INFORMATION SHOWN Start Marker

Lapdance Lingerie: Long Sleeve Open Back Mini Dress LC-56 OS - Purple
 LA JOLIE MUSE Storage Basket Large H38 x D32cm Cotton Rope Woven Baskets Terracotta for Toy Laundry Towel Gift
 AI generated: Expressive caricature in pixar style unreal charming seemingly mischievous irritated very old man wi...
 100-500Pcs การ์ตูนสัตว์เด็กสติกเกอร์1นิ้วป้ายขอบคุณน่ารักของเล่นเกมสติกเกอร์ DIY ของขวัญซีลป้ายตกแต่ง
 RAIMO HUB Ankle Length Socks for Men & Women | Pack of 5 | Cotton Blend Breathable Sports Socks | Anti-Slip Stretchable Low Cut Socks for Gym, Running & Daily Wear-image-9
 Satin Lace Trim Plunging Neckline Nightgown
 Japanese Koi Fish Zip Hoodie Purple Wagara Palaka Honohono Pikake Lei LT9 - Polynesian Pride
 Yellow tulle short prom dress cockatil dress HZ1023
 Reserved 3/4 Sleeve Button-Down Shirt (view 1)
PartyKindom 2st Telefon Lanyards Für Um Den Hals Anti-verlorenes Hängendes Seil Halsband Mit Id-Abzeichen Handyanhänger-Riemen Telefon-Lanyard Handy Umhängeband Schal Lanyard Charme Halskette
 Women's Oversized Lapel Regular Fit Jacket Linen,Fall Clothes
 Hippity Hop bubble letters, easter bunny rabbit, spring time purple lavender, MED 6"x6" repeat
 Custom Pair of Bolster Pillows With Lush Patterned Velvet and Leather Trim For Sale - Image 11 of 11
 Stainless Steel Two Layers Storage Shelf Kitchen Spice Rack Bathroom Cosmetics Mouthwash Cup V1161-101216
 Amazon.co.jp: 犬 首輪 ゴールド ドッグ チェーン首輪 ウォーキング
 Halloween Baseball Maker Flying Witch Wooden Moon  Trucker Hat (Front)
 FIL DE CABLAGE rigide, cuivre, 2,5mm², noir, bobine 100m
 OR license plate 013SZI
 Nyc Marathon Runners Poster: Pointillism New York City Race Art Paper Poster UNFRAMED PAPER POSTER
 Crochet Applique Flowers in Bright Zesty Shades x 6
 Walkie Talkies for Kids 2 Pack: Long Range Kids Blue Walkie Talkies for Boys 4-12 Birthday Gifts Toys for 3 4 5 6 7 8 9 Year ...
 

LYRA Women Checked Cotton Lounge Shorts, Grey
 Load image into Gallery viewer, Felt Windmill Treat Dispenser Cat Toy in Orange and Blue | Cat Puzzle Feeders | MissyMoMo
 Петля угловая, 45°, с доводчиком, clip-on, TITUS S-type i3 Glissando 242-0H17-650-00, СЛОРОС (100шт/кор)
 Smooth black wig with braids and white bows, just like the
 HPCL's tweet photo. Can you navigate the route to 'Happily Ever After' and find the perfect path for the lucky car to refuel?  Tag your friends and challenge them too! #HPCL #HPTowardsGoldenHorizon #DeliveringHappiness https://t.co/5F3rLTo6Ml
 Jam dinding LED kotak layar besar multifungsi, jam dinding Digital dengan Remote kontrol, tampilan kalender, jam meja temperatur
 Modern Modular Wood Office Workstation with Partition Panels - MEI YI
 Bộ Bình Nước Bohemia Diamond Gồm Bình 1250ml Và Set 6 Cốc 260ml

INFORMATION SHOWN End Marker

#### WORK TO BE COMPLETED:
Start at the line containing "Петля угловая, 45°, с" and transcribe through the end of the entries. Please keep both ends and add nothing.

#### RESPONSE TO THE EXERCISE:
 Петля угловая, 45°, с доводчиком, clip-on, TITUS S-type i3 Glissando 242-0H17-650-00, СЛОРОС (100шт/кор)
 Smooth black wig with braids and white bows, just like the
 HPCL's tweet photo. Can you navigate the route to 'Happily Ever After' and find the perfect path for the lucky car to refuel?  Tag your friends and challenge them too! #HPCL #HPTowardsGoldenHorizon #DeliveringHappiness https://t.co/5F3rLTo6Ml
 Jam dinding LED kotak layar besar multifungsi, jam dinding Digital dengan Remote kontrol, tampilan kalender, jam meja temperatur
 Modern Modular Wood Office Workstation with Partition Panels - MEI YI
 Bộ Bình Nước Bohemia Diamond Gồm Bình 1250ml Và Set 6 Cốc 260ml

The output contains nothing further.